A review by mattycakesbooks
Oliver Twist by Gerald Dickens, Charles Dickens, Philip Horne

3.0

Obviously this is a classic and blah blah blah, but a few quick notes as to why it gets three stars instead of 4 or 5:

First off, it was impossible to not notice the anti-Semitism with which Fagin was depicted. He's just SUCH a hardcore stereotype that it was pretty distracting. Which isn't to say he wasn't an effective villain, or that he wasn't even creepier than the psychotic Sikes, it's just to say that the anti-Semitism was excessive and distracting.
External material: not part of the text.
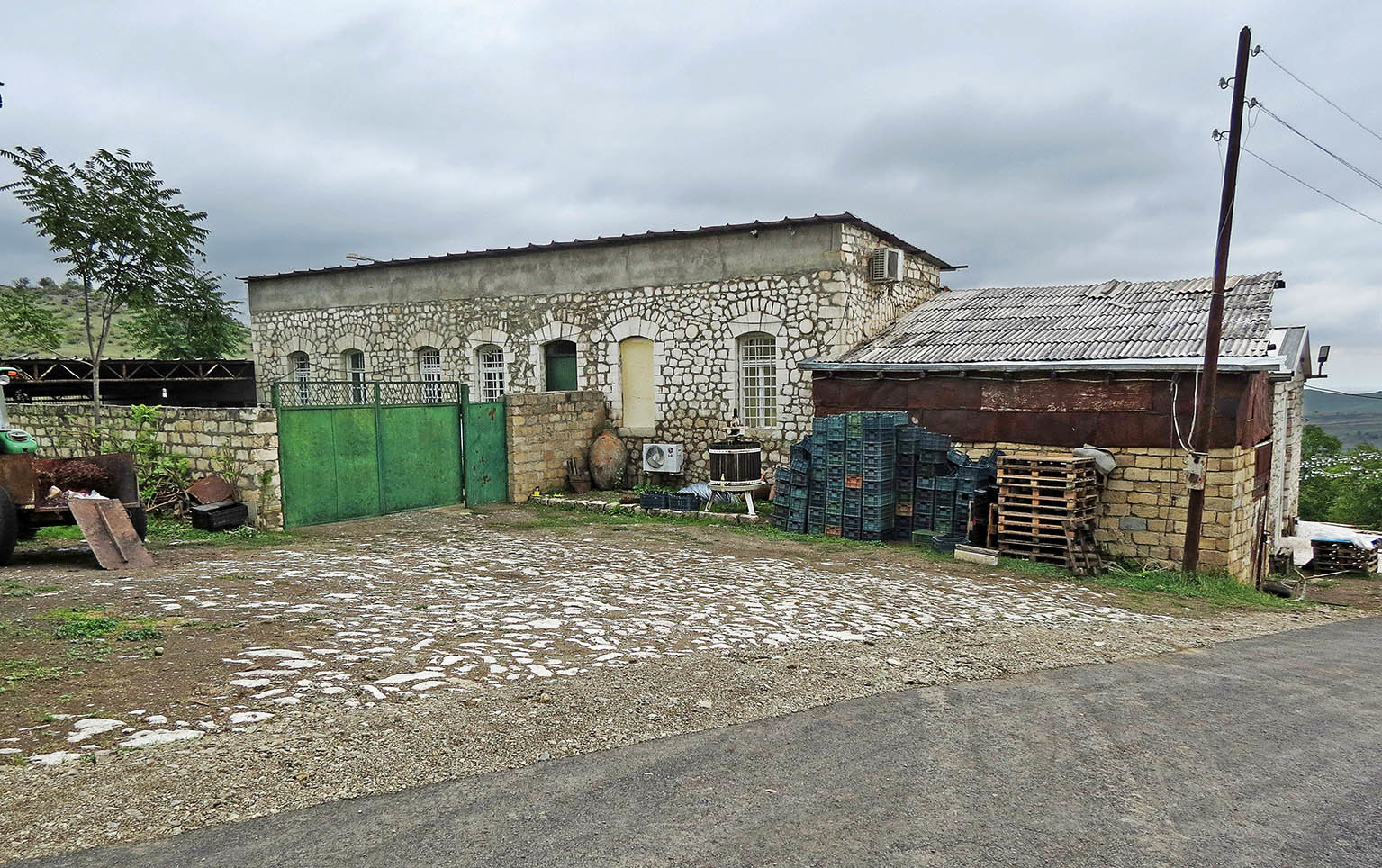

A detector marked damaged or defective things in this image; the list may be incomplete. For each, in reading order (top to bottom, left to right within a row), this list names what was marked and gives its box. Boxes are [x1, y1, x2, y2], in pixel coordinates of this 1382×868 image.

rusted metal siding [807, 373, 1271, 450]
The second point is that I have difficulty with any Victorian literature that portrays its characters as totally pure. It seems to be a trend in Vic Lit (which I'm totally taking the credit for coining) to make the heroes pure, and it makes them insanely boring. I could not give two shits about Oliver Twist or Rose, but I wanted to hear more on the Artful Dodger, Sikes, Nancy, Fagin, and Charley Bates. It makes the villains the only people in the story that feel real, and this can be frustrating sometimes, because in Vic Lit, the bores always win.

It's obviously a great piece of social criticism, and I appreciate that, but my final and third thought is this: the "umph" of the brutality of Oliver's upbringing was kind of sucked out by the revelation that he was actually of relatively high birth, and his angelic nature that refused to turn bad SEEMED to support the type of thinking that people of "higher birth" are purer than the low people of the streets, like the criminalized Nancy, Dodger, and Bates. While you've gotta praise Dickens for condemning the conditions in London at the time, these ideas make the book hard to really feel gung-ho about in terms of its politics, unlike, say, Les Miserables.